MDC Secretary General Tendai Biti said Tsvangirai had an absolute majority, enough for outright victory, but he would accept a second round runoff against Mugabe “under protest”.

Analysts said the president was likely to be humiliated in a runoff and the defeat in the parliamentary vote would remove some of his power of patronage—a plank of his long and iron rule.

His government called the MDC claim “mischievous”.

Deputy Information Minister Bright Matonga told Sky television: “President Mugabe is going nowhere. We are not going to be pressurised into anything.”

Matonga said in a telephone interview with Sky: “No-one is panicking around President Mugabe.

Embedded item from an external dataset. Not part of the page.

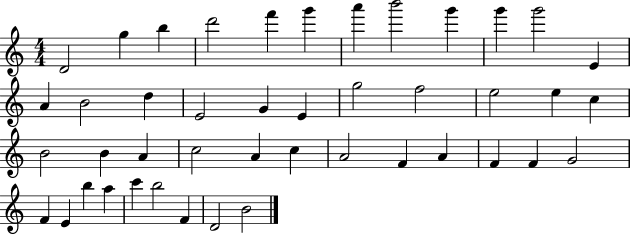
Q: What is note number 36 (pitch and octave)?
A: F4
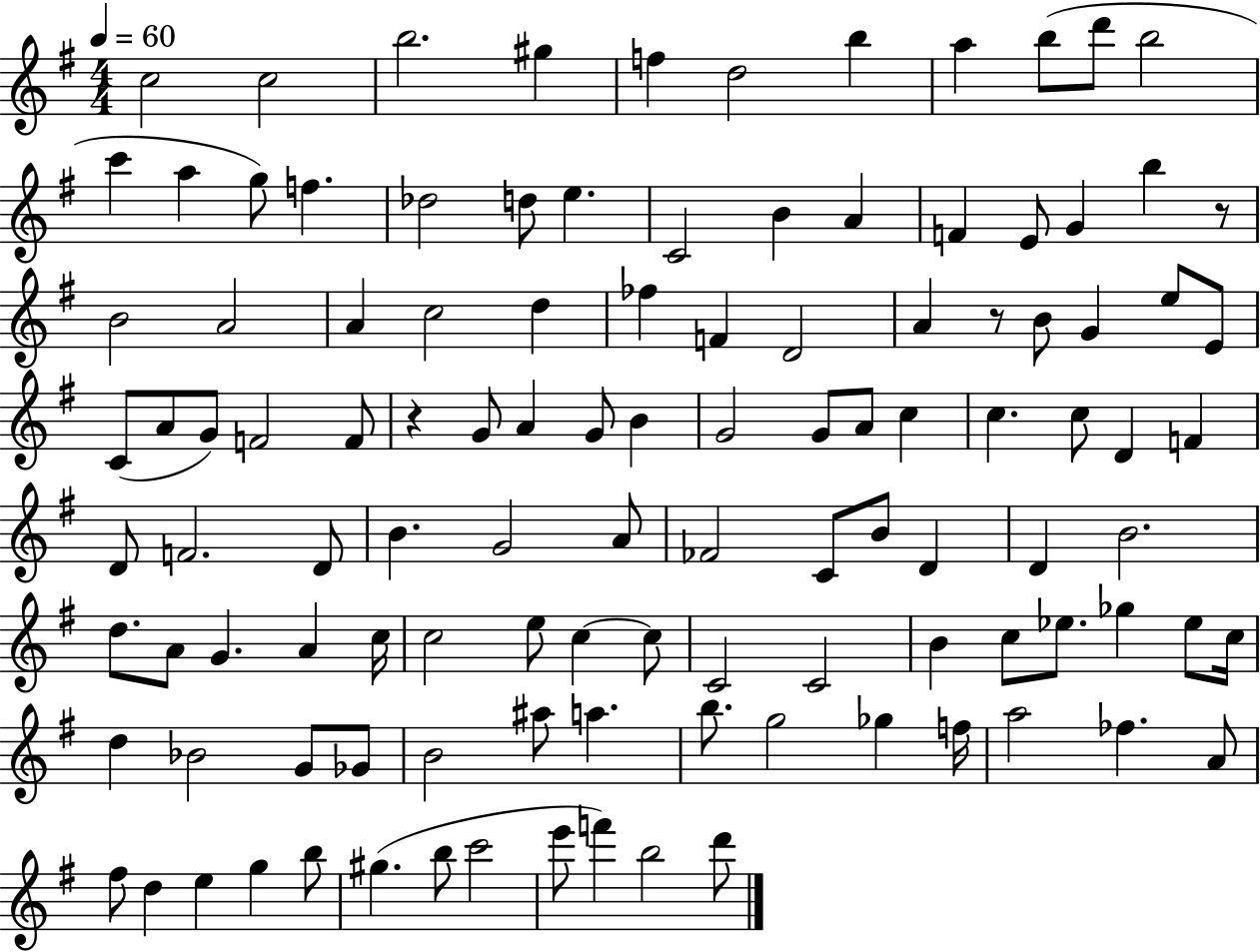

The army is very solidly behind our president, the police force as well.”

Mugabe’s spokesman, George Charamba, said the MDC was in contempt of the law by announcing results. “You are drifting in very dangerous territory and I hope the MDC is prepared for the consequences,” he said.

Mugabe, known for his fierce and defiant rhetoric, has not been seen in public since voting, despite speculation he would make a television address on Tuesday night.

The government appears to have been preparing the population for a runoff by revealing its own projections showing a second round would be required in the statutory three weeks after last Saturday’s vote.

Both Tsvangirai and the government have dismissed widespread speculation that the MDC was negotiating with ZANU-PF for a managed exit for Mugabe, who has ruled uninterrupted since independence from Britain in 1980.

Analysts said Mugabe was unlikely to make a negotiated exit but go down fighting in the second round.

“He is not the type that quietly walks away into the sunset,” a senior Western diplomat said in Harare.

The prospect of a runoff has raised fears both inside and outside Zimbabwe that the hiatus before a new vote would spark serious violence between security forces and militia loyal to Mugabe on one side and MDC supporters on the other.

The state-owned Herald newspaper also said the government had decided to immediately implement tax relief to cushion the effect of runaway inflation, officially over 100,000 percent but estimated to be much higher—the world’s highest rate.

The widening of workers’ tax-free threshold tenfold to 300 million Zimbabwean dollars per month—$US10,000 ($A11,035) at the government’s official rate but about $US7.50 ($A8.28) on the black market—is widely seen as an attempt to curry favour with voters and suggests ZANU-PF is preparing for a runoff.

The opposition and international observers said Mugabe rigged the last presidential election in 2002. But some analysts say the groundswell of discontent over the economy is too great for him to fix the result this time without risking major unrest.

Apart from surreal inflation and a virtually worthless currency, Zimbabweans are suffering food and fuel shortages and an HIV/AIDS epidemic that has contributed to a steep drop in life expectancy.

The opposition, including former Finance Minister Simba Makoni, who stood as a third candidate, is expected to unite behind Tsvangirai if there is a runoff.